SugarDesugared ToWhere
x |> f(a:) (pipe)let tmp = x; f(a: tmp)Type checker
x += 1 (compound assign)x = x + 1Parser
x < y (comparison ops)x.compare(y).is_less()Type checker
for x in items yield x * 2Iterator/collect expansionType checker

These desugar earlier because they affect type inference or need semantic information that only the type checker has. Pipe desugaring, for example, must determine which parameter to fill — this requires knowing the function’s signature, which is type-level information.

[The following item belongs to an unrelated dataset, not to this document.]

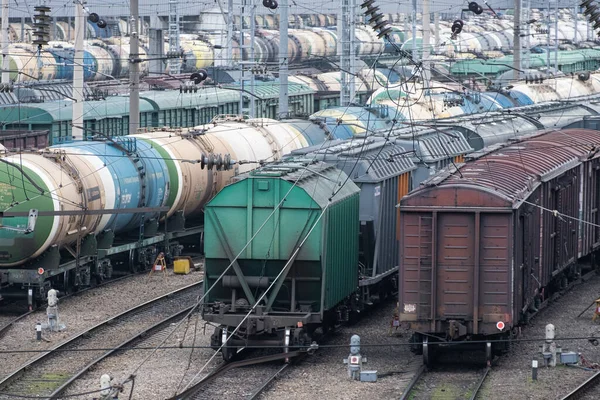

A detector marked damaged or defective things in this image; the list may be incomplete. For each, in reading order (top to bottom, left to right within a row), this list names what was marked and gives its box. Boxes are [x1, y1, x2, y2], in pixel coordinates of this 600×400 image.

The canonicalization phase handles only the sugar that survived through type checking intact.

Design Rationale

Desugaring at the canonical IR boundary means:

  1. Backends are simplerori_eval and ori_arc handle fewer expression variants, reducing code and bug surface
  2. Type-level enforcementCanExpr physically cannot represent sugar, so backends can’t accidentally miss a case
  3. Single point of truth — desugaring logic lives in one place (ori_canon/src/desugar/), not duplicated across backends
  4. Testing is focused — each backend tests core semantics, not sugar-to-core translation
  5. Better error messages — because the type checker sees the sugared AST, errors reference named arguments, template syntax, and spreads that the user actually wrote, rather than the desugared equivalents they never see

Prior Art

LanguageApproach
Haskell/GHCProgressive desugaring: source → Core (eliminates do-notation, list comprehensions, where-clauses) → STG → Cmm. Each IR level is simpler than the last.
RustHIR desugars for loops, ? operator, async/await. MIR desugars further (drops, pattern matching). Two-stage approach.
Rocast::Exprcan::Expr eliminates string interpolation, record updates, when sugar. Similar to Ori’s single-phase approach.
ElmSourceCanonical eliminates ports, effects, operators. Decision trees added in Optimized phase.
Scalafor-comprehensions desugar to flatMap/map/filter chains before type checking — the classic “desugar early” approach.